Por pbagora.com.br

O presidente Luiz Inácio Lula da Silva criticou neste domingo (17) em Riad, na Arábia Saudita, a criação da CPI da Petrobras, afirmando que não se pode envolver a “empresa mais importante do Brasil” em uma questão “político-eleitoral”.

 

Ele afirmou ainda que o governo não teme a investigação. Iniciativa do PSDB, a comissão foi criada no Senado na sexta-feira (15), apesar da tentativa do governo de mobilizar parlamentares para retirarem assinaturas do requerimento.

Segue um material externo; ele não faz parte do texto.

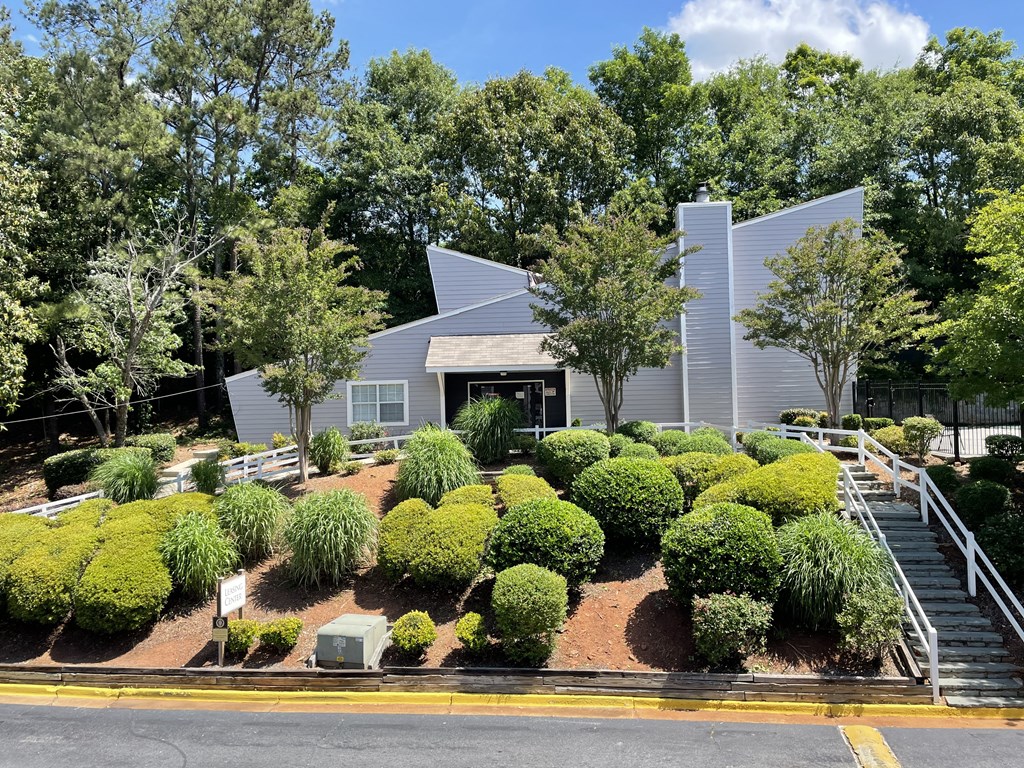 a house with a garden in front of it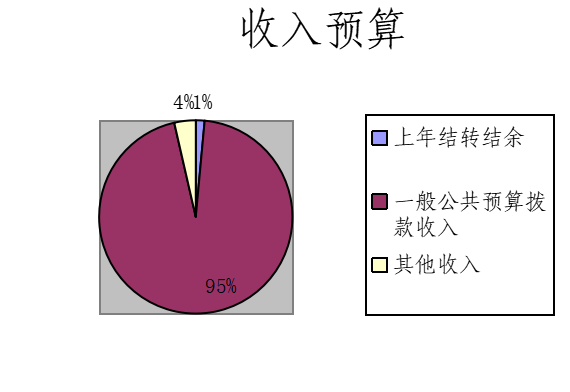 圖1:收入預算 圖1:收入預算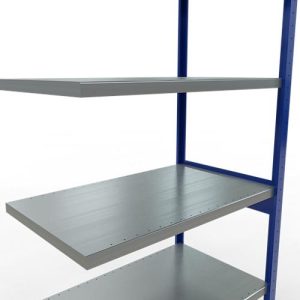 SCHULTE Lagertechnik – Stecksystem Anbauregal – 2500x1000x600 mm, Typ 250 kg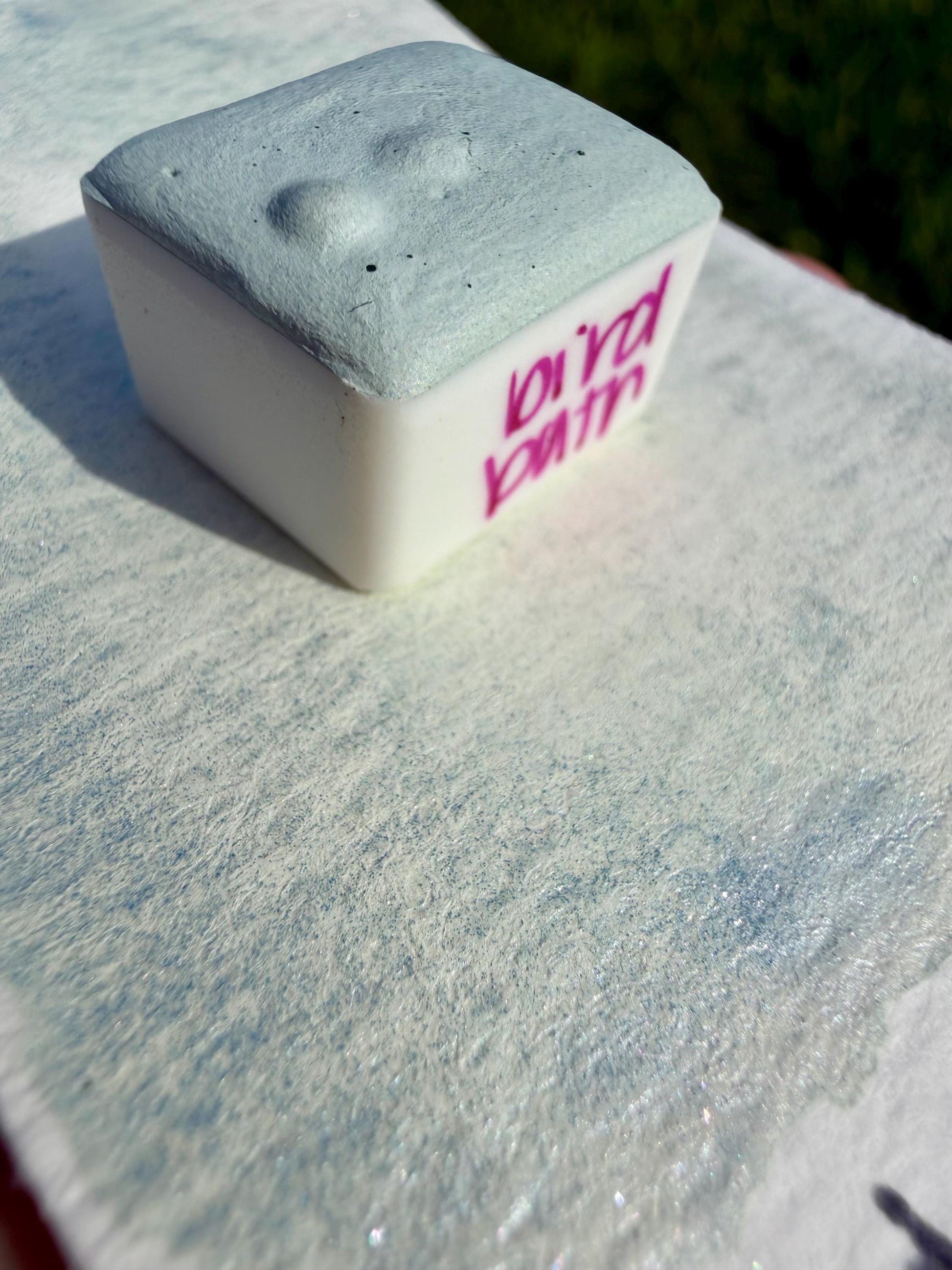 Bird Bath | HYBRID | Matte & Shimmer Blend | Handmade Watercolors | Handmade Paint | Watercolors | Watercolor | Watercolor Artist
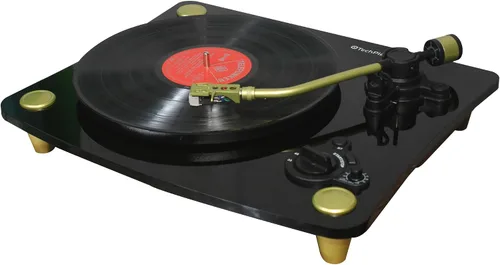 Miniatura 7 de TechPlay Ghost, Tocadiscos de 2 velocidades accionado por correa con transmisión Bluetooth. Se conecta de forma inalámbrica a tus altavoces Negro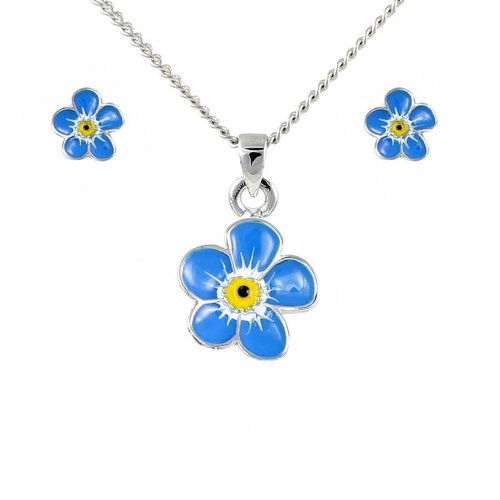 Forget-me-not Pendant and Earrings Forget-me-not Pendant and Earrings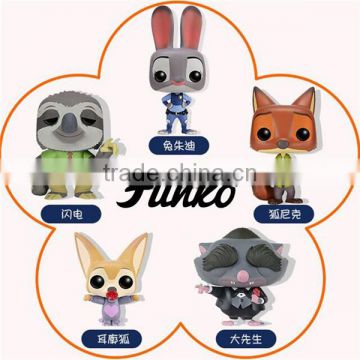 (New Arrival) Zootopia Cartoon action figure PVC figures,10cm POP Model kid toy Marvel action figure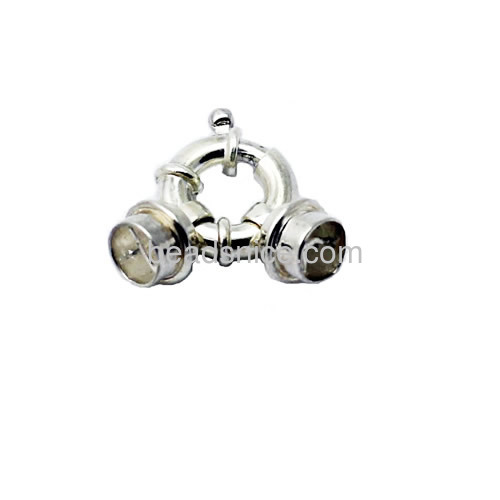 Spring Rings Clasps Jewelry Clasps Sterling Silver Donut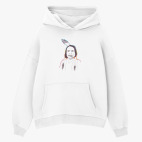 Толстовка худи оверсайз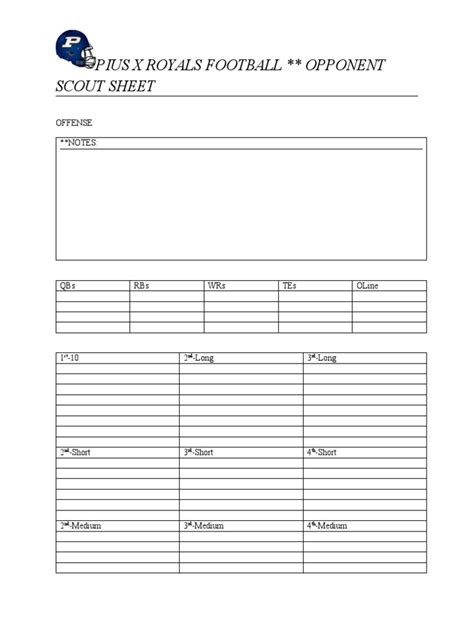 football-game-scouting-sheets Ebook Doc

“Estamos vivendo um momento de ouro na era do petróleo (…) e eu acho que você não pode transformar uma questão político-eleitoral, possivelmente menor, envolvendo a empresa mais importante que o Brasil tem. Mas, de qualquer forma, se as pessoas que assinaram não têm outra coisa pra fazer, só têm aquilo, que façam. Nós vamos continuar tocando o barco”, disse.

 

A CPI, pedida pelo senador Álvaro Dias (PSDB-PR), tem como objetivo investigar fraudes em licitações, denúncias de desvio de royalties de petróleo, supostas irregularidades em contratos para a construção de plataformas e da refinaria Abreu e Lima (PE) e artifícios contábeis para reduzir o recolhimento de tributos e possíveis irregularidades em patrocínios.

 

“Possivelmente, alguns [senadores] que assinaram estavam querendo tirar das suas costas todo esse debate que a imprensa está fazendo sobre o Senado. Outros possivelmente estejam preocupados com o processo eleitoral de 2010. Eu sinceramente estou preocupado em governar o Brasil”, continuou.

 

Novo PAC

O presidente disse ainda que pretende lançar uma nova edição do Programa de Aceleração do Crescimento (PAC) para o período de 2011 a 2015. Lula, cujo mandato termina em 2010, diz que quer deixar o país preparado para seu sucessor e voltou a dizer que irá preparar uma “prateleira de projetos” para quando deixar o governo.

 

“Hoje, um governante que toma posse e quiser fazer uma hidrelétrica, entre ele pensar em fazer o projeto básico, fazer o projeto executivo, conseguir licenciamento prévio, fazer licitação, e responder todas as demandas judiciais que aparecem no processo, ele termina um mandato de quatro anos e não consegue fazer nada. Quero deixar uma prateleira de projetos, de gasodutos, hidrelétricas, estradas e ferrovias”, disse.

 

Reservas

Em discurso na à Câmara de Comércio na Arábia Saudita, Lula disse que os países em desenvolvimento como o Brasil, a China e a Arábia devem usar mais as reservas internacionais para impulsionar os setores produtivos.

 

“Ao invés de a gente ficar com o dinheiro paralisado, recebendo rendimento dos títulos americanos, se nós construirmos fábricas, investirmos em tecnologia, se nós fizermos universidades, se investirmos nas indústrias de produção de alimentos, certamente, daqui a 20 ou 30 anos, a Arábia Saudita e o Brasil serão infinitamente melhores do que são hoje”, disse.